## SUPPLIED MATERIAL
[Start of section]
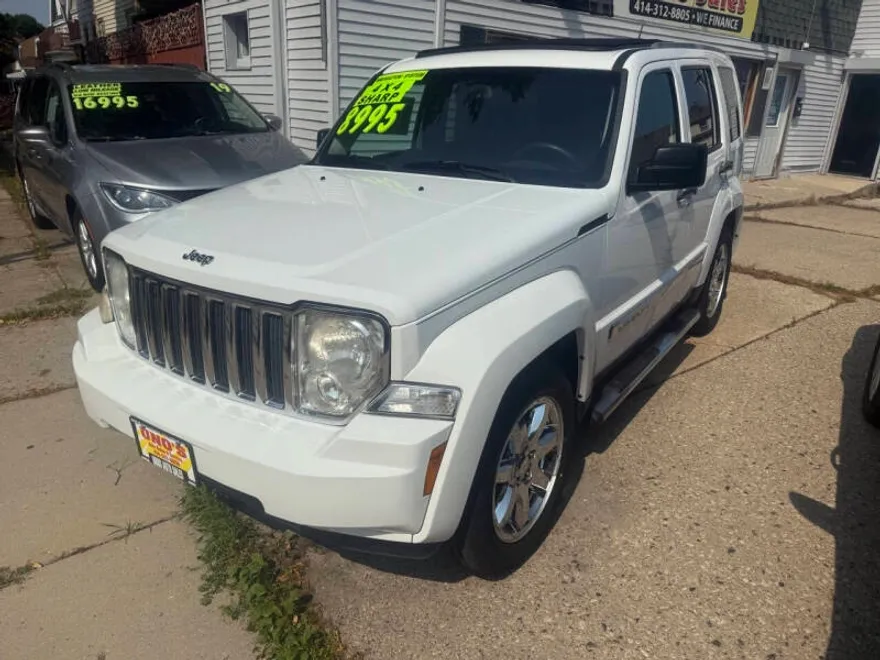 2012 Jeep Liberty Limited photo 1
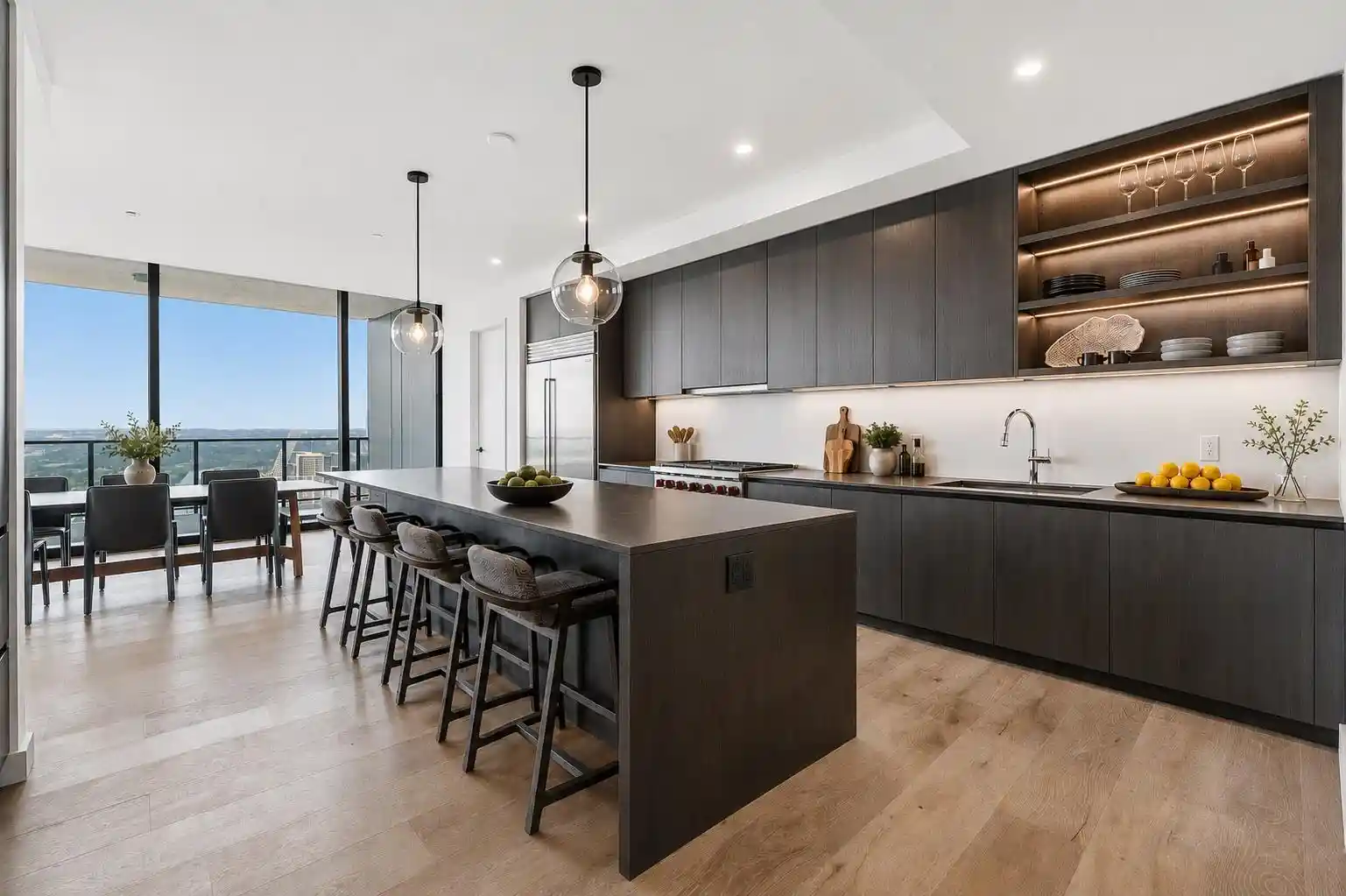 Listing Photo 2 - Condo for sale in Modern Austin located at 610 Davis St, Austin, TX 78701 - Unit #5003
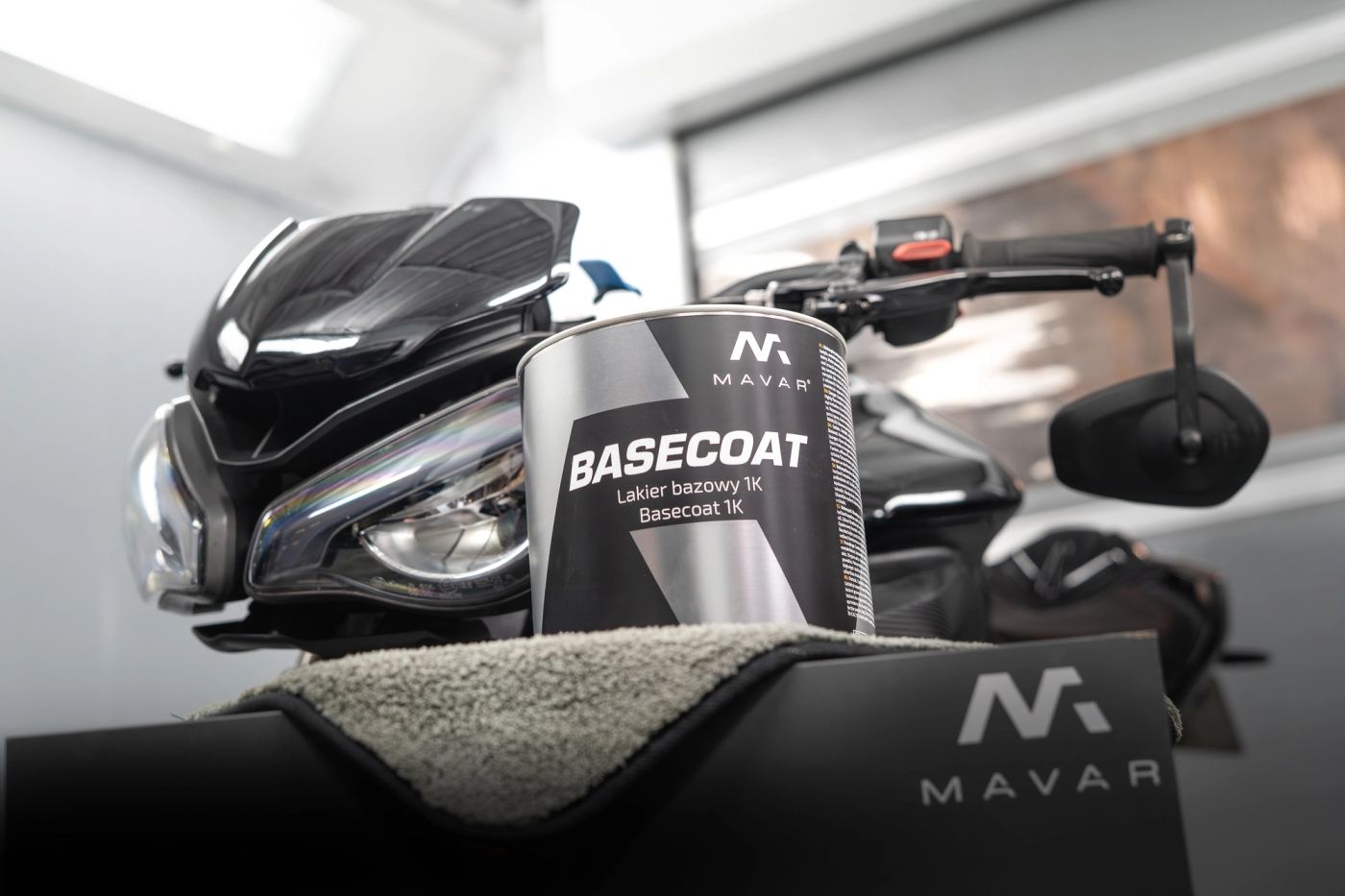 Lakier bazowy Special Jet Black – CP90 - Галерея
[End of section]
Nothing but the listing, copied exactly and stripped of its images, should appear in the response.

## COMPLETED TASK
 2012 Jeep Liberty Limited photo 1
 Listing Photo 2 - Condo for sale in Modern Austin located at 610 Davis St, Austin, TX 78701 - Unit #5003
 Lakier bazowy Special Jet Black – CP90 - Галерея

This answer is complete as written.